20 year windsurfer, 20 year kiter, including 5 years kite foiling. Now giving wingdinging a go.
Basically sub-10 knot foiling is a bit of a myth. It's possible to foil in 10 knots and to ride out lulls provided you maintain apparent wind.
The kite foil racers have a 4 knot minimum for racing. I've never seen the local racers do that, even with huge mega-buck kites.
I am a bit skeptical about the whole 4-6 knot thing. When did you ever see a wind meter mounted in a place it could get a clean air flow that was reading a steady 4-5-6 knots? Wind naturally fluctuates. Even 4 knots over a 5 minute average will include periods of zero wind and it must have periods well over 4 knots.
In extreme light wind nothing will relaunch. The trick is to never crash your kite. That's fairly doable with a little practice and good technique. A light weight kite is less likely to stall and fall if you lose apparent wind.
I prefer a 12m lightweight 3-stut inflatable kite for light winds. If it drops it's fairly easy to self rescue and sail in on the downed kite. It's kind of fun.
The appeal of wingdinging is that if you run out of wind it's easy to paddle in and tow the wing. That's what I practiced on day 1. It's easy.
It's a bit ironic seeing windsurfers discussing the most efficient foils and sails and all the rest. If they wanted efficiency they would have switched to kites decades ago. Even now a freeride kite foiling kit will run rings around a racing windfoiler.
I would say that post is about 50% right, and 50% wrong.
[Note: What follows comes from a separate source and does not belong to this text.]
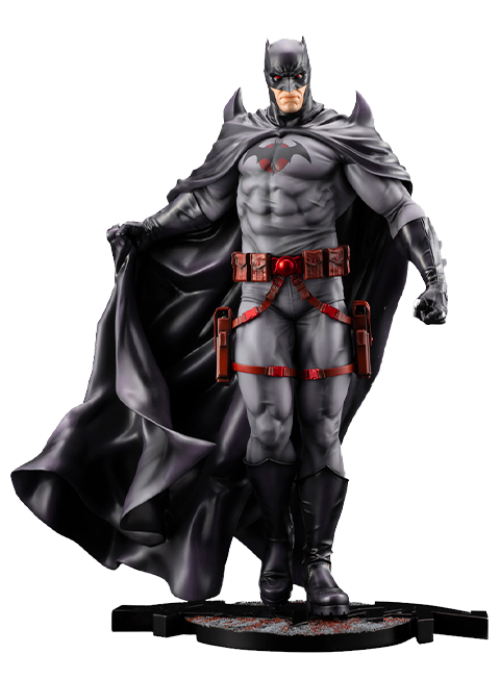 Statua ARTFX Batman Thomas Wayne Flashpoint Kotobukiya Edizione da Collezione DC Comics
the kite foilers on race kit its no contest. they foil in lighter winds than anything else i've seen, and with no lack of speed. Ive seen them out on a near mirror surface (which is a sure sign its well below 10knots) looking powered up. But they like playing with fire when it ls that light. watched plenty of them do an epic swim when the kite ends up in the water.
Surprisingly, i've heard that wingdinging is as you say. big wind range, easier than it looks. And easy way out if the wind either dies or gets too much. Theres no board or string connection, so you take as little or as much power from the wing as you want or need.
as to windfoilers discussing which foils and sails are more efficient, well, maybe thats a fair laugh from a kite foil racers perspective, but any thing else in the kiting world ive seen, no. There really isn't anymore "efficiency" in kiting than windsurfing.
Maybe we have a slow breed of freeride kite foilers over here, but im yet to see one moving much faster than a twin tip. If anything they look slower.